Input data:
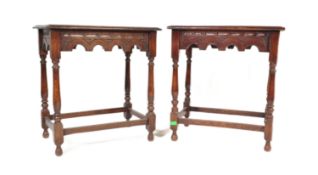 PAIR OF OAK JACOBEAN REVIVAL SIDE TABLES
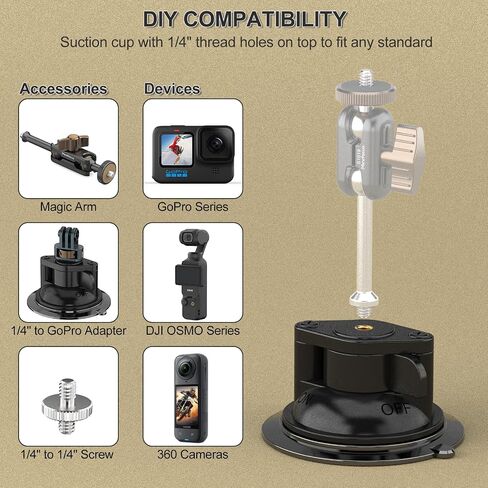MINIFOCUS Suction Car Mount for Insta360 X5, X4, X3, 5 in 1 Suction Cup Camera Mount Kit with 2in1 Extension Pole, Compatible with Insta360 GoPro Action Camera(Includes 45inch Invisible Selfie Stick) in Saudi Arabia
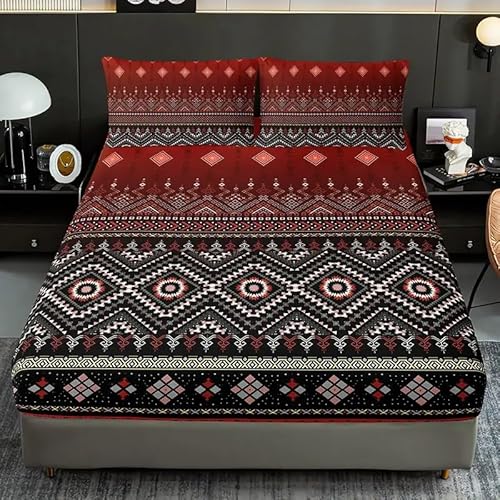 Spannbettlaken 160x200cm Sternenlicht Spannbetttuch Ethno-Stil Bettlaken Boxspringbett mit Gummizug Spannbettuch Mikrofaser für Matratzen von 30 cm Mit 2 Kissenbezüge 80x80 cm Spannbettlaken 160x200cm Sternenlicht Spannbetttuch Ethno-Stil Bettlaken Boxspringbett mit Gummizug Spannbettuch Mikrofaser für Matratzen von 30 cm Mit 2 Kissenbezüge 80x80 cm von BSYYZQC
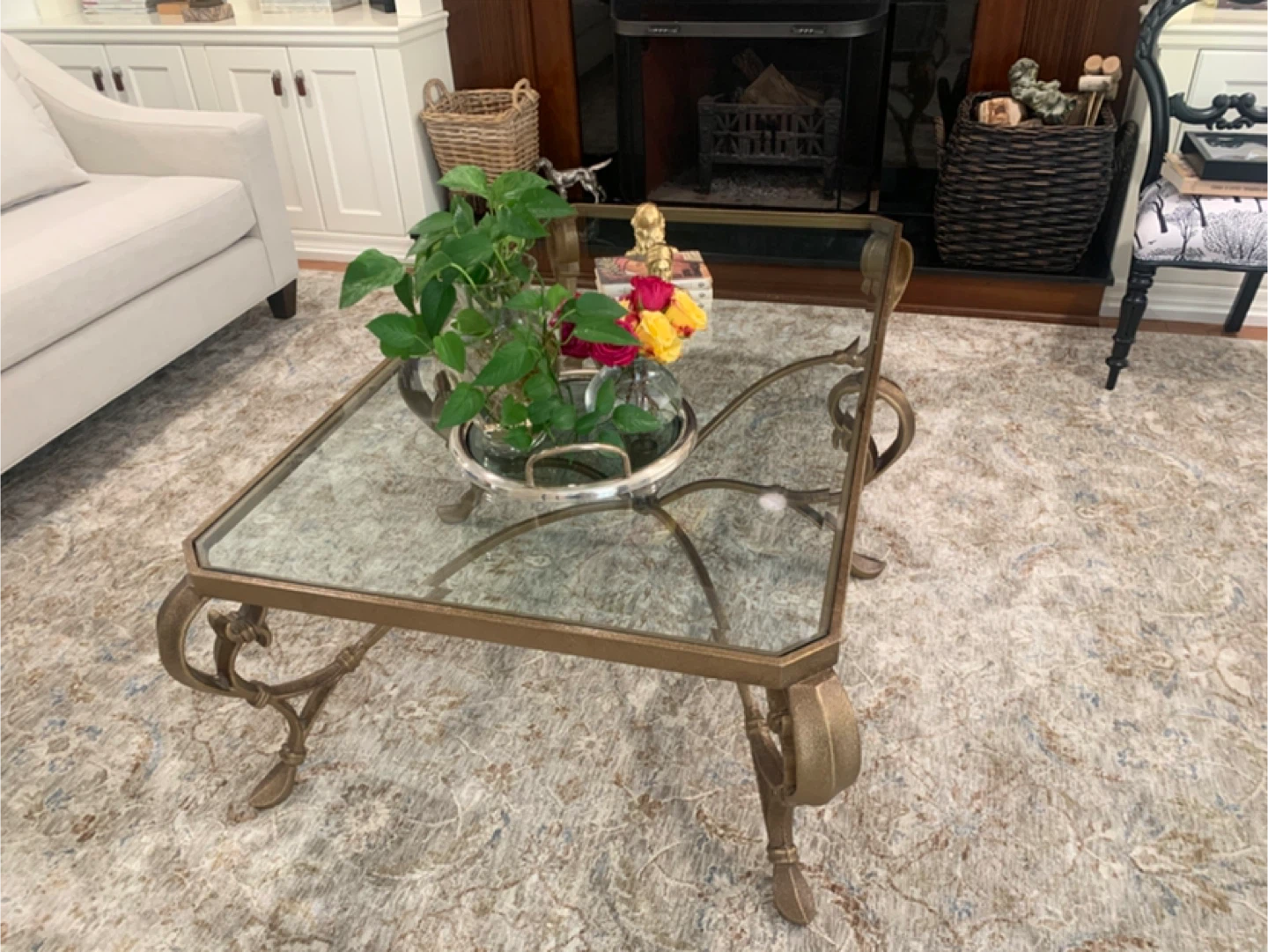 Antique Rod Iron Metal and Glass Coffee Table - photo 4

---

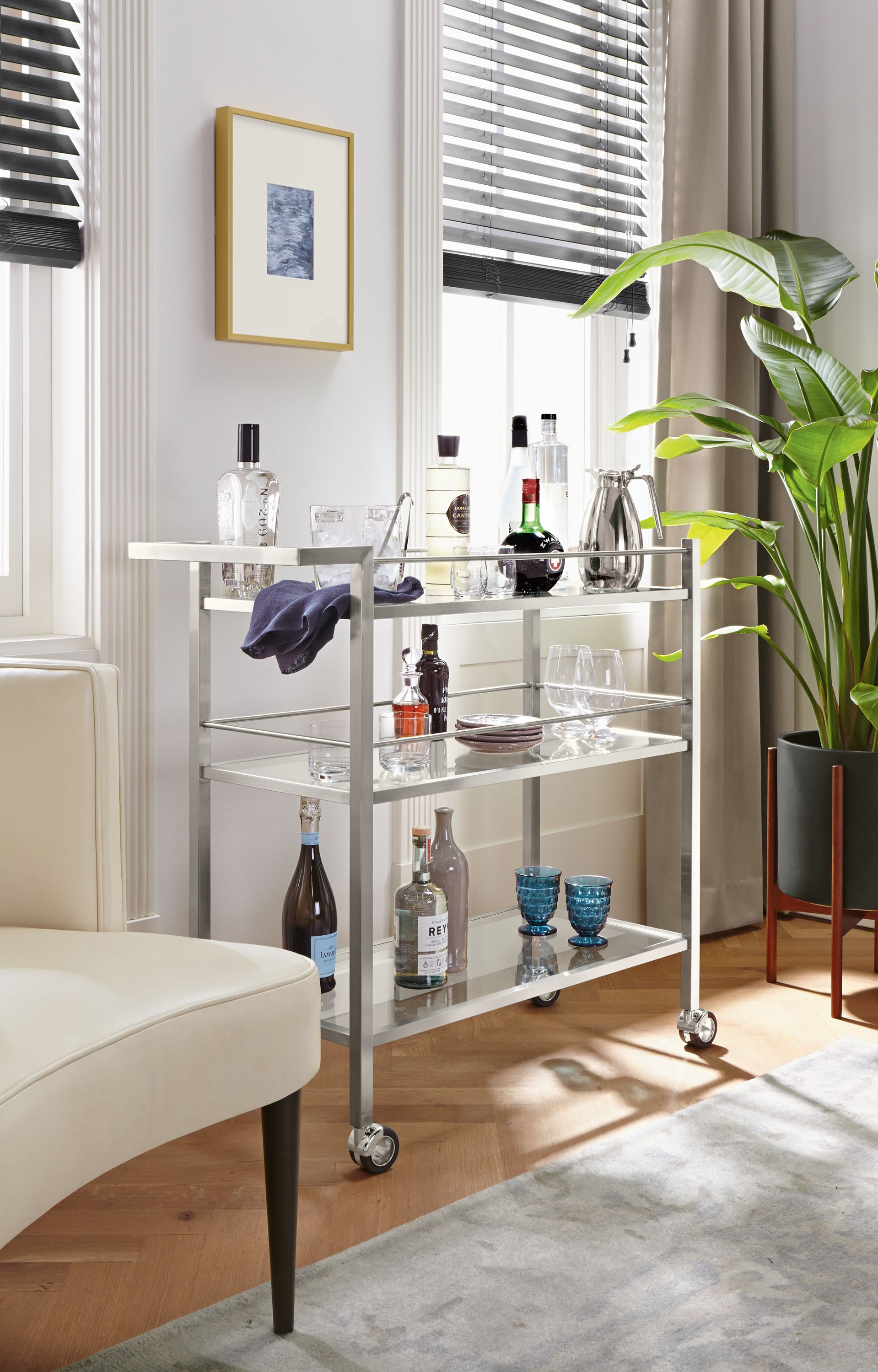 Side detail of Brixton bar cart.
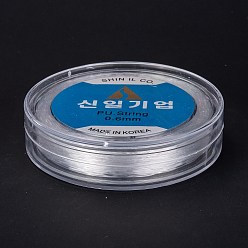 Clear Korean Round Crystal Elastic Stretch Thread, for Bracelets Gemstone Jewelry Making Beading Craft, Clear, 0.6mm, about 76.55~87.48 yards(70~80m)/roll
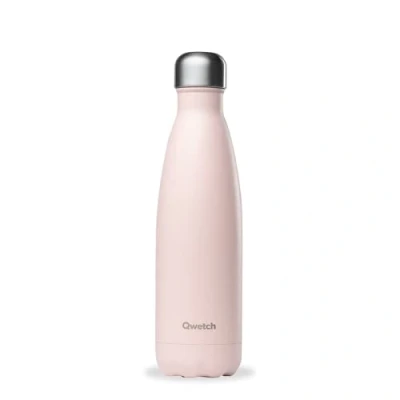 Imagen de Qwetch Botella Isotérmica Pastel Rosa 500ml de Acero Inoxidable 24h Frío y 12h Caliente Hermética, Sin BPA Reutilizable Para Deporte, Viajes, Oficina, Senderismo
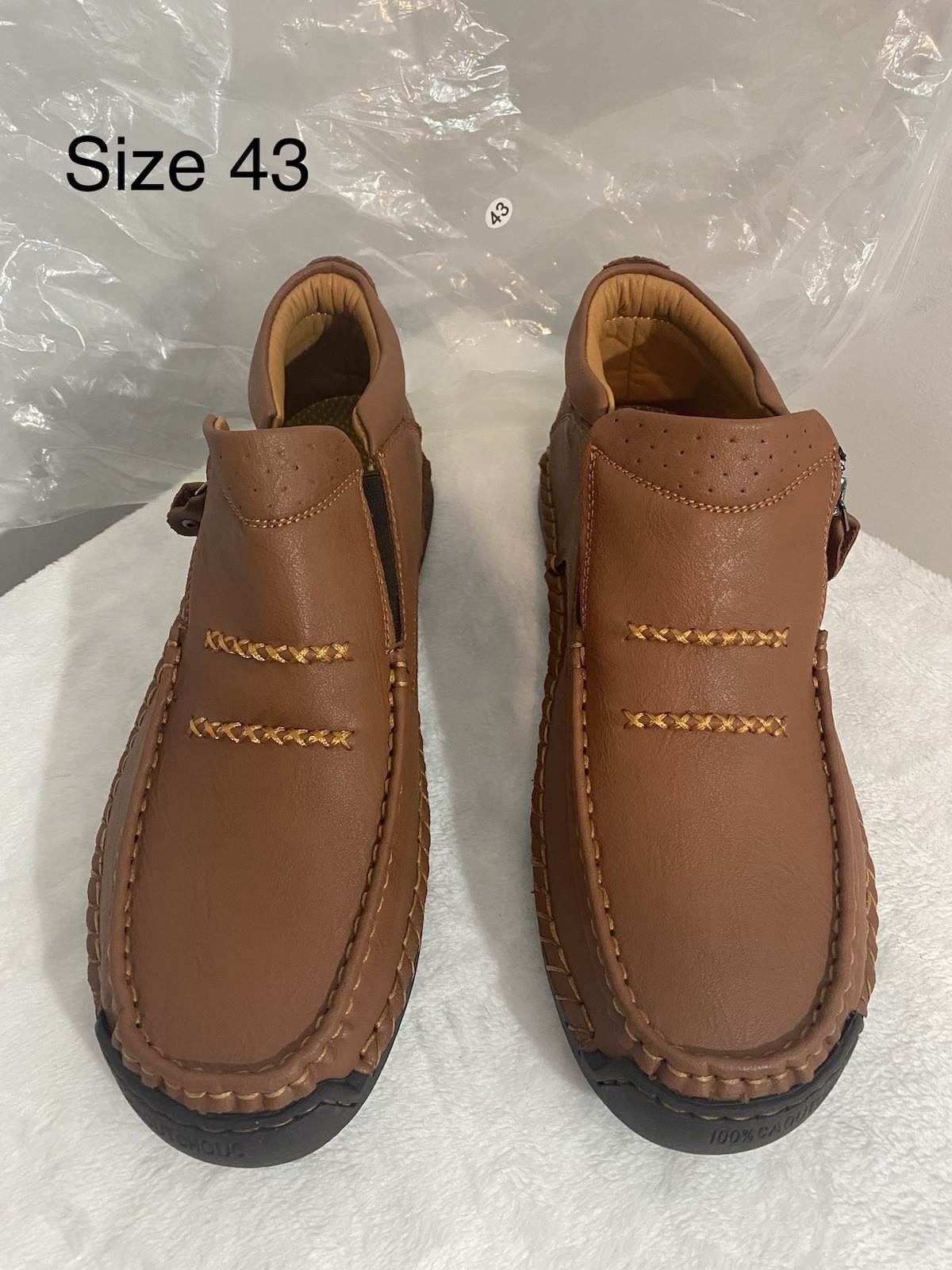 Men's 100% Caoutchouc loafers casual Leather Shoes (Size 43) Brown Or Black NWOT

What the exercise asks:
From the entries above, copy exactly the lines starting at the one with "Imagen de Qwetch" and stopping at the one with "Men's 100% Caoutchouc", keeping both ends. Drop the pictures.

Task output:
 Imagen de Qwetch Botella Isotérmica Pastel Rosa 500ml de Acero Inoxidable 24h Frío y 12h Caliente Hermética, Sin BPA Reutilizable Para Deporte, Viajes, Oficina, Senderismo
 Men's 100% Caoutchouc loafers casual Leather Shoes (Size 43) Brown Or Black NWOT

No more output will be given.